- Cover of the first issue.

Publication information
- Publisher: Vertigo Vérite (DC Comics)
- Schedule: Monthly
- Format: Limited series
- Publication date: July – September 1996
- No. of issues: 3

Creative team
- Created by: Peter Milligan Duncan Fegredo
- Written by: Peter Milligan
- Artist: Duncan Fegredo
- Letterer: Ellie De Ville
- Colorist: Nathan Eyring
- Editor: Shelly Roeberg

= Girl (Vertigo) =

1996 comic book limited series

Girl is a three-issue comic book limited series written by Peter Milligan and drawn by Duncan Fegredo. It was published in 1996 by Vertigo comics, an imprint of DC Comics.

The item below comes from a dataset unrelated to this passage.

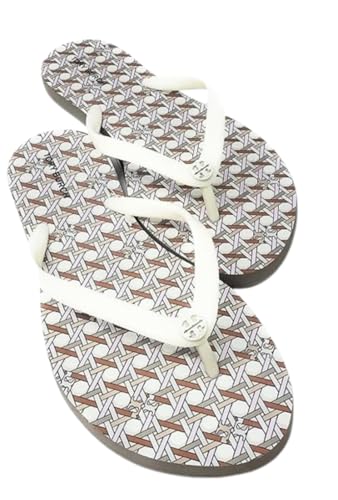 Tory Burch Women's Chelsea Flip Flop Sandals 171948 (Basketweave - Light Cream Fleek - Pavestone (Basketweave/light cream fleek/pavestone, US Footwear Size System, Adult, Women, Numeric, Medium, 8)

The series was collected as a trade paperback under the DC Black Label imprint after more than 24 years since its initial publication (ISBN 9781779508195).

== Plot synopsis ==
The story follows the exploits of fifteen-year-old Simone Cundy, a resident of Bollockstown (a fictional English location), as she attempts to make sense of her uncontrollable apathy and discontent for life (early on, she cites girls, boys, the lottery, pop-stars, clothes, sport, tampons, television, Bollockstown and living among her chief dislikes). Upon meeting Polly, the "blonde version" of herself, Simone struggles to maintain the line between reality and her imagination, all the while trying find some purpose in her rotten life.